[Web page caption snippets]
.....

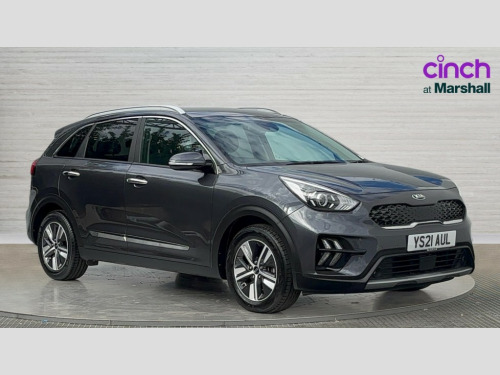 Kia Niro  NIRO 1.6 GDi PHEV 3 5dr DCT 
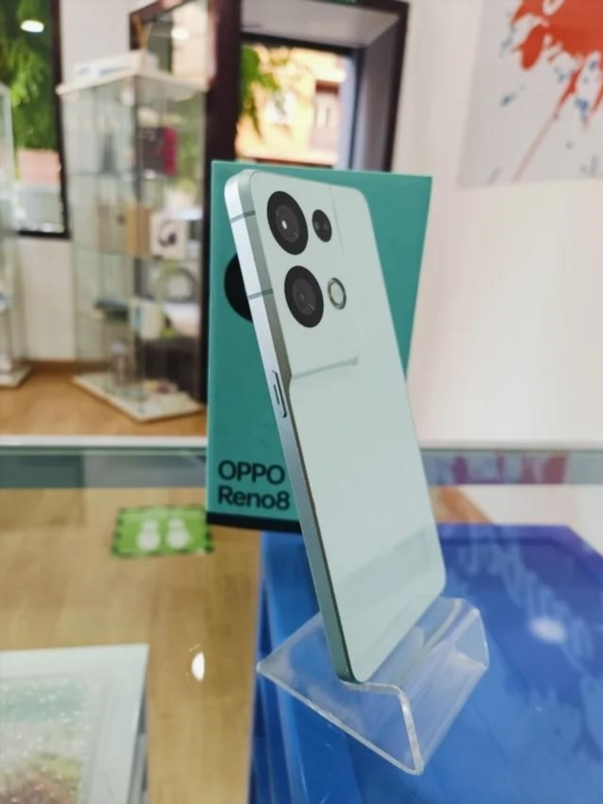 OPPO Reno8 Pro 5G Green 256GB Usato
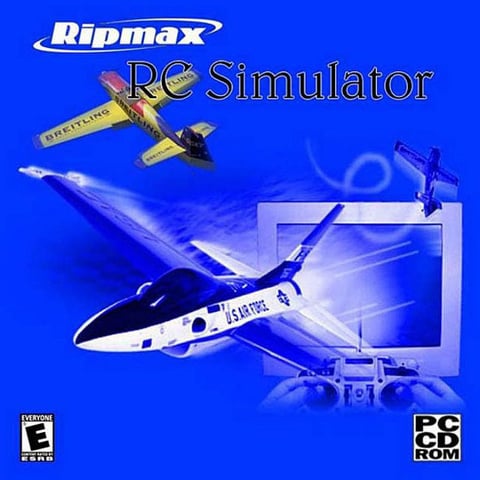 RC Simulator sur PC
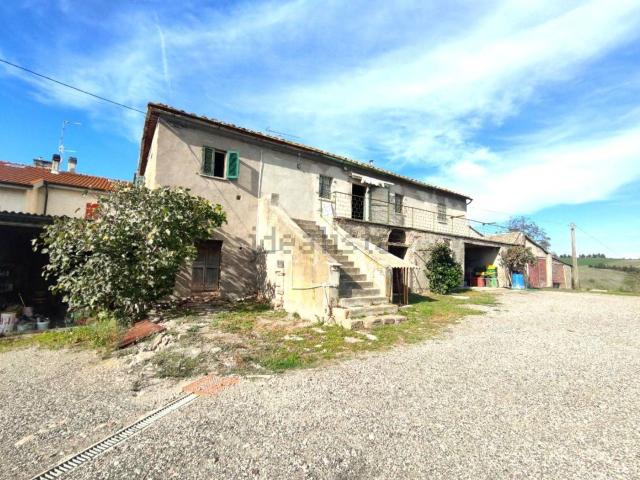 Rustico in vendita a San Michele, Montecatini Val Di Cecina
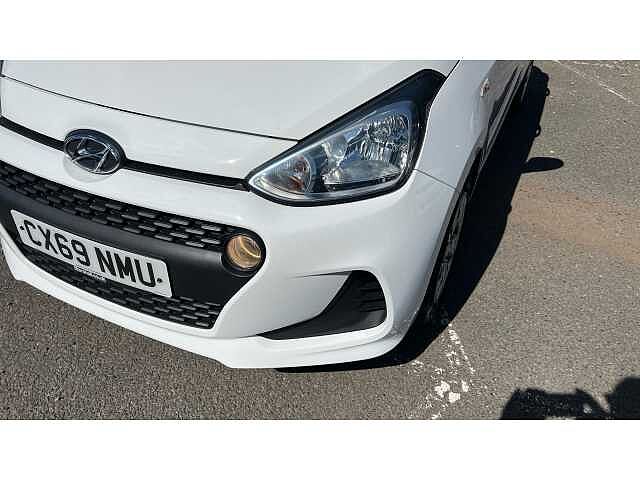 Hyundai i10 I10 1.0 SE 5dr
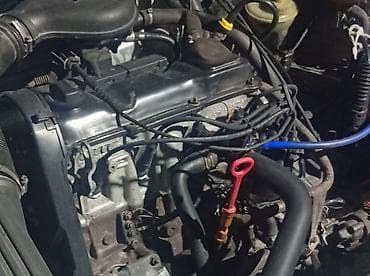 opel vektra b: Volkswagen Vento: 1996 г., 1.8 л, Механика, Бензин, Седан — 6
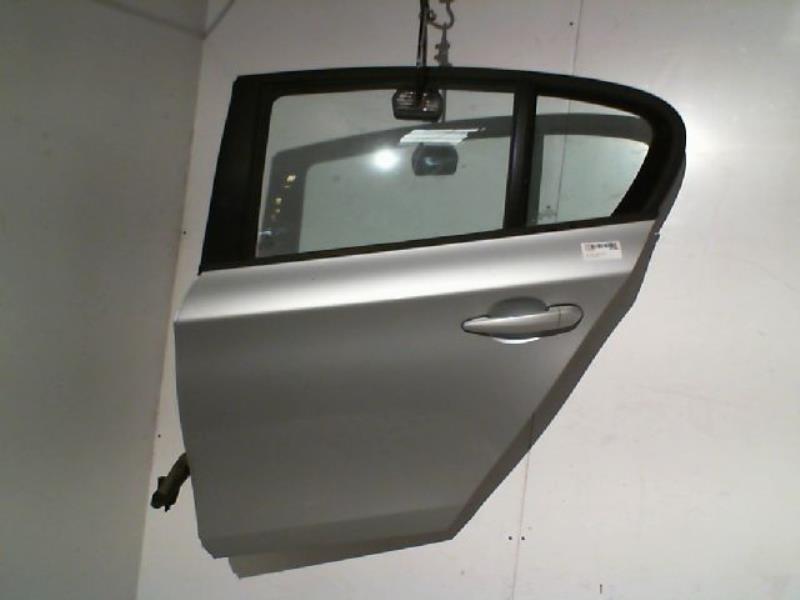 Porte arriere gauche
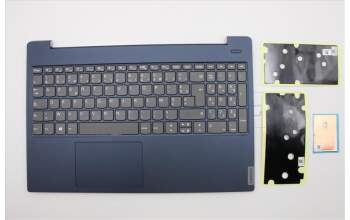 Lenovo 5CB0S18709 Tastatur inkl. Topcase C81N8 BLU NBLKB_FRE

.....

▶ _About this exercise_:
Your copy of the records must be exact and must contain no pictures.

▶ _Result for this exercise_:
 Kia Niro  NIRO 1.6 GDi PHEV 3 5dr DCT 
 OPPO Reno8 Pro 5G Green 256GB Usato
 RC Simulator sur PC
 Rustico in vendita a San Michele, Montecatini Val Di Cecina
 Hyundai i10 I10 1.0 SE 5dr
 opel vektra b: Volkswagen Vento: 1996 г., 1.8 л, Механика, Бензин, Седан — 6
 Porte arriere gauche
 Lenovo 5CB0S18709 Tastatur inkl. Topcase C81N8 BLU NBLKB_FRE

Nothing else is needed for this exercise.